━━ Data below

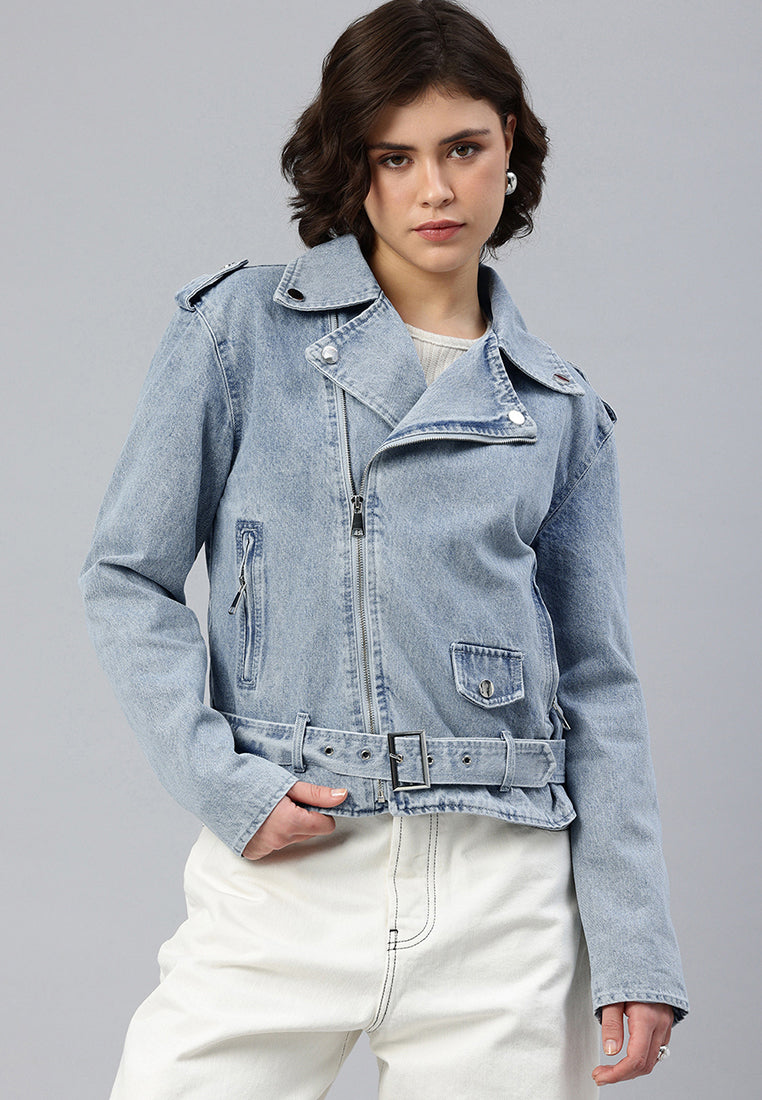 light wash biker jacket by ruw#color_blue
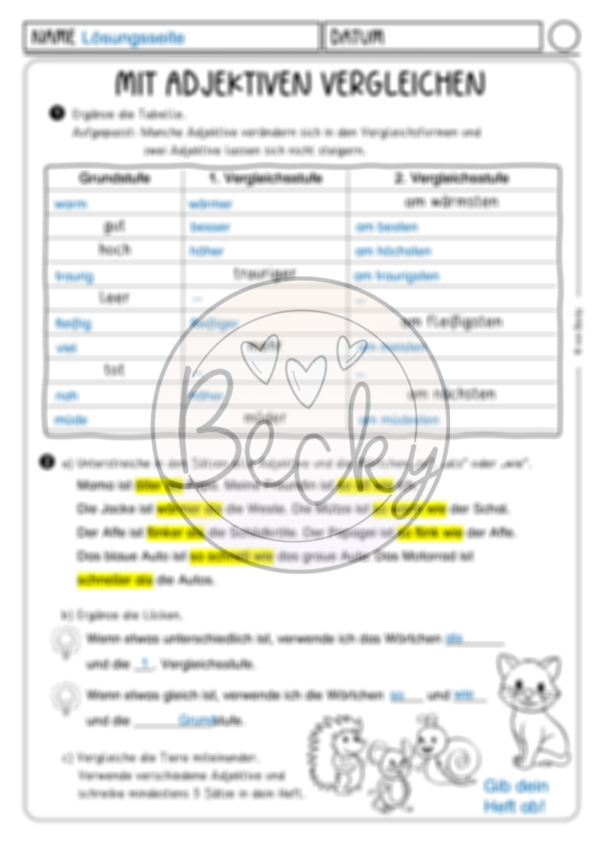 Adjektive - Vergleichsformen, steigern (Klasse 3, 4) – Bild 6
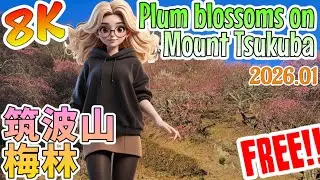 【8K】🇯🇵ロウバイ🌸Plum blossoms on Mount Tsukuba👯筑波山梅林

━━━━

Your task →
All the material above should be written out exactly, with images omitted.

Expected answer →
 light wash biker jacket by ruw#color_blue
 Adjektive - Vergleichsformen, steigern (Klasse 3, 4) – Bild 6
 【8K】🇯🇵ロウバイ🌸Plum blossoms on Mount Tsukuba👯筑波山梅林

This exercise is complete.